Students in Wales could end up with the same system of top-up fees as that being introduced in England.
A study published on Thursday has set out six possible ways of imposing fees after the next Welsh assembly elections in 2007.
One option in the Rees Commission report is to adopt the variable fee of up to £3,000 being introduced in English universities next year.
The Welsh Assembly Government will make a decision on the issue in June.
Currently, all students in the UK pay a flat fee of around £1,150 for each year of their course.
In England, that system will be replaced by a new variable fee in 2006, whereby universities can charge up to £3,000 a year.
The Labour assembly government has pledged not to introduce variable fees during its current term, which ends in May 2007.

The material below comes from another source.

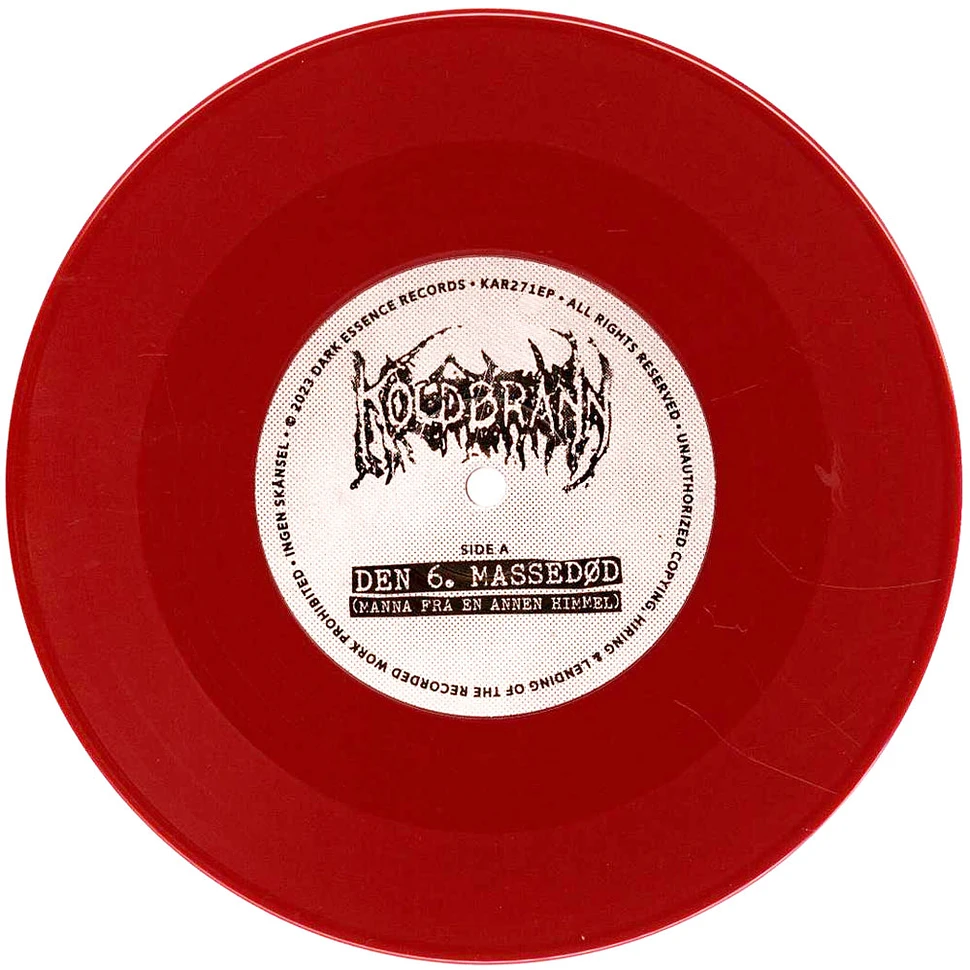 Koldbrann - Den 6. Massedød (Manna Fra En Annen Himmel) Oxblood Red Vinyl Edition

The Rees Commission was set up by assembly Education Minister Jane Davidson to assess different proposals.
Rees report options
1. The status quo: £1,200 fixed fee
2. £2,000 fixed fee
3. Market-driven English competitive model: top-up fees up to £3,000
4. Assembly government part-managed scheme: top-up fees up to £3,000
5. Maximum £2,000 fees for Welsh students; up to £3,000 for non-Welsh students
6. £3,000 fixed fee
Ms Davidson said the report had "much food for thought".
She said the assembly government would retain its commitment to no variable fees during this assembly and all strengths, weaknesses, and "unintended consequences" had to be considered.
Other options in its interim report include maintaining the current flat rate fee and making the state give more money to the universities.
Another proposal would see Welsh students charged less to study in Wales than other nationalities - a choice which could be difficult to impose.
All would involve students paying fees after graduation, once they have reached a specific salary.
The report does not look at scrapping tuition fees altogether, nor does it recommend a preferred model until its final version, expected in the next couple of months.
The report said: "Our main conclusion so far is that to achieve these aspirations, in the context of UK/global market, we would not choose to start from here.
"The financial, legal, cross-border flow implications of the various options are highly complex.
"None of the options are without its weaknesses and dangers. There is considerable work still to do."
Last month, figures released by the admissions service Ucas showed more people were applying to study at Welsh universities.